Some would argue that South Africa should tax the rich even more, or target government spending to the poor even better. In this way, the fiscal system would become even more progressive. These may be valid assertions, and further research is important to determine the consequences of such policies on outcomes such as growth, unemployment, poverty and economic efficiency.
Nevertheless, addressing the challenge of income inequality in a way that is consistent with fiscal sustainability will require higher quality – and more efficient – public services.
It will also require interventions to achieve more inclusive economic growth to address the need for employment and higher incomes at the lower end of the income distribution (see examples in the articles of Donaldson, Econ3x3, October–November 2014). Fundamentally it is essential to attain better outcomes in terms of the initial distribution of wages, salaries and capital income (market income). Fiscal redistribution alone is unlikely to achieve the desired reductions in inequality.
Inchauste G, Lustig N, Maboshe M, Purfield C & Woolard I. 2015. The Distributional Impact of Fiscal Policy in South Africa. Policy Research Working Paper 7194. World Bank Group: Poverty Global Practice Group & Macroeconomics and Fiscal Management Global Practice Group.
Inchauste G, Lustig N, Maboshe M, Purfield C & Woolard I. 2014. South Africa Economic Update: Fiscal Policy and Redistribution in an Unequal Society. Presentation. World Bank Group, 6 November 2014. (Available on request from the authors.)

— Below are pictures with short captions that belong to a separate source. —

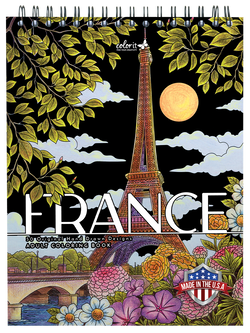 ColorIt France Coloring Book for Adults Illustrated By Hasby Mubarok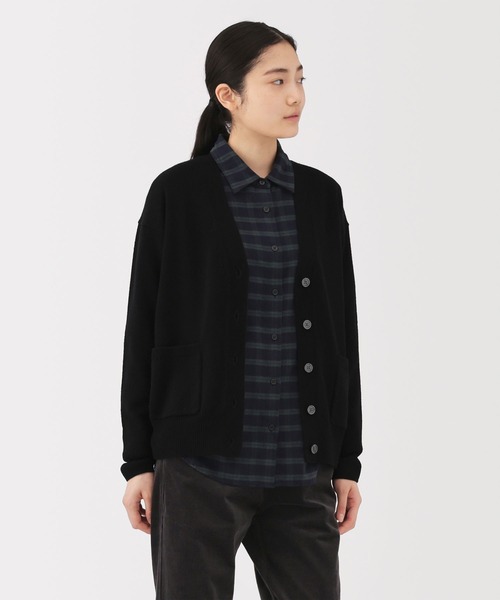 無印良品（MUJI） カーディガン 婦人 洗えるウールミドルゲージV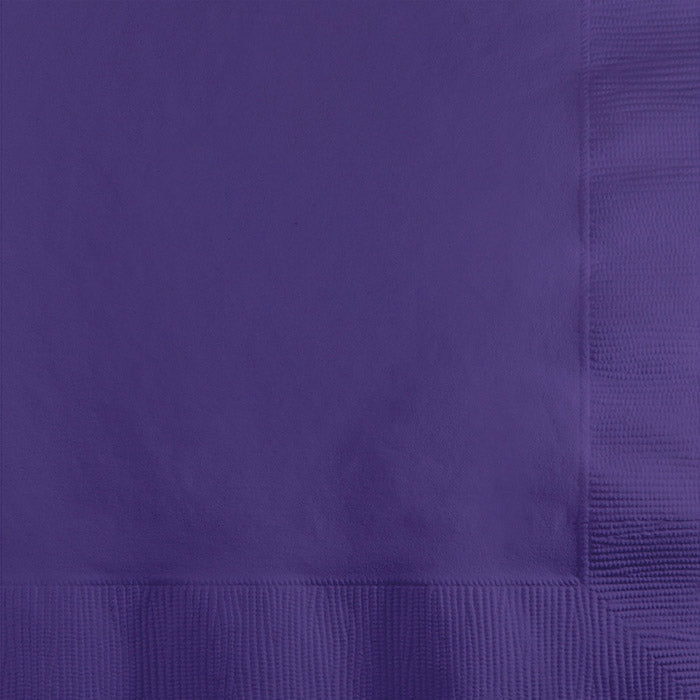 Purple Beverage Napkin, 3 Ply, 50 ct by Creative Converting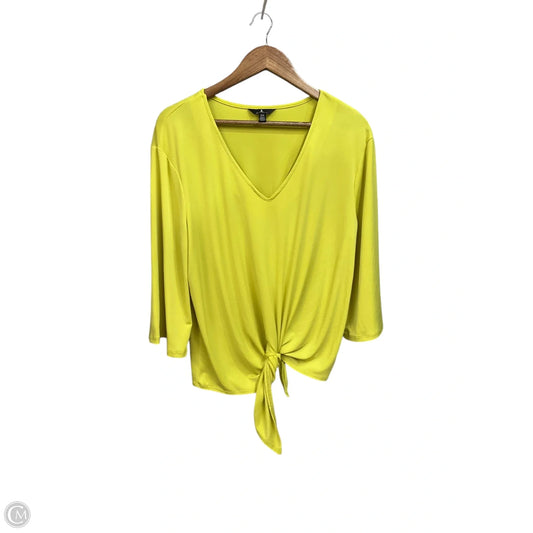 Top 3/4 Sleeve By Jules & Leopold In Green, Size: M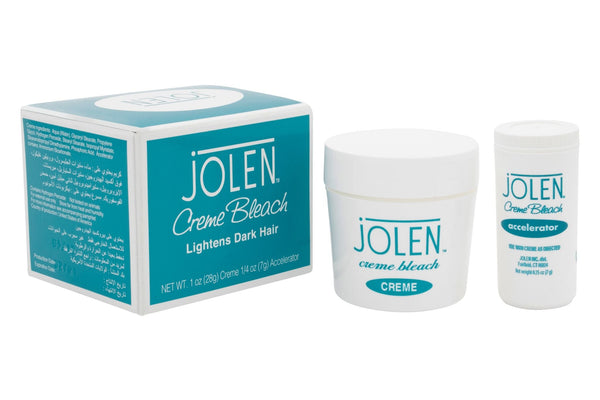 Jolen Hair Lightening Cream No-Drip Formula with Mixing Cup 113g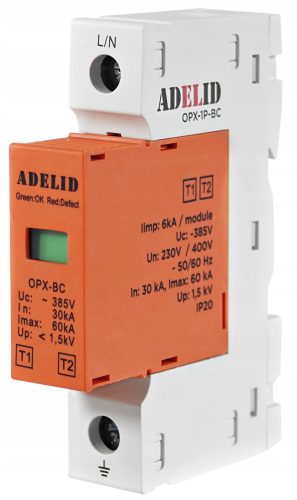 Adelid 400 V IP20 16 A Überspannungsableiter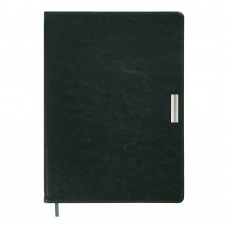 Щоденник недатований SALERNO,L2U, А4, 288 стор., зелений, штучна шкіра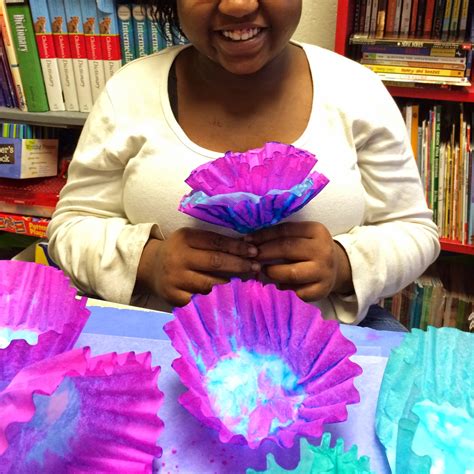 This is a fun drawing to create but also add even more underwater creatures. Sticka's Kids: Coffee Filter Coral Reef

Lustig N & Higgins S. 2013. Commitment to Equity Assessment (CEQ): Estimating the Incidence of Social Spending, Subsidies and Taxes – Handbook. CEQ Working Paper No. 1, Center for Inter-American Policy and Research and Department of Economics, Tulane University and Inter-American Dialogue.
National Treasury (2014). Budget Review 2014. Pretoria: National Treasury.
SEDLAC (Socioeconomic Database for Latin America and the Caribbean), CEDLAS at the Universidad de La Plata and World Bank. See http://sedlac.econo.unlp.edu.ar/eng/
Statistics South Africa (2014). Poverty Trends in South Africa: An Examination of Absolute Poverty between 2006 and 2011, Pretoria.
 The Gini coefficient compares the distribution of income in a population to a scenario where there is perfect equality. The measure falls between zero and one, where the former describes perfect equality and the latter is perfect inequality. South Africa’s Gini value is one of the highest in the world (StatsSA 2014:13).
 Other data sources are the 2008 National Income Dynamics Study (NIDS) and some administrative data.
 VAT revenue constitutes about a quarter of government’s total tax revenue, compared to about 3.5% for excise taxes and 5.2% for the fuel levy.
 For the scenario where free basic services are perfectly targeted to help the poor, progressivity is measured by dividing the total amount of the budget for basic services equally amongst the poor that actually receive municipal services and then comparing the distribution of allocations to market income. For the scenario where targeting is not possible, the budget allocation for free basic services is divided amongst the entire population that receive municipal services and the distribution of the transfer is then compared to market income.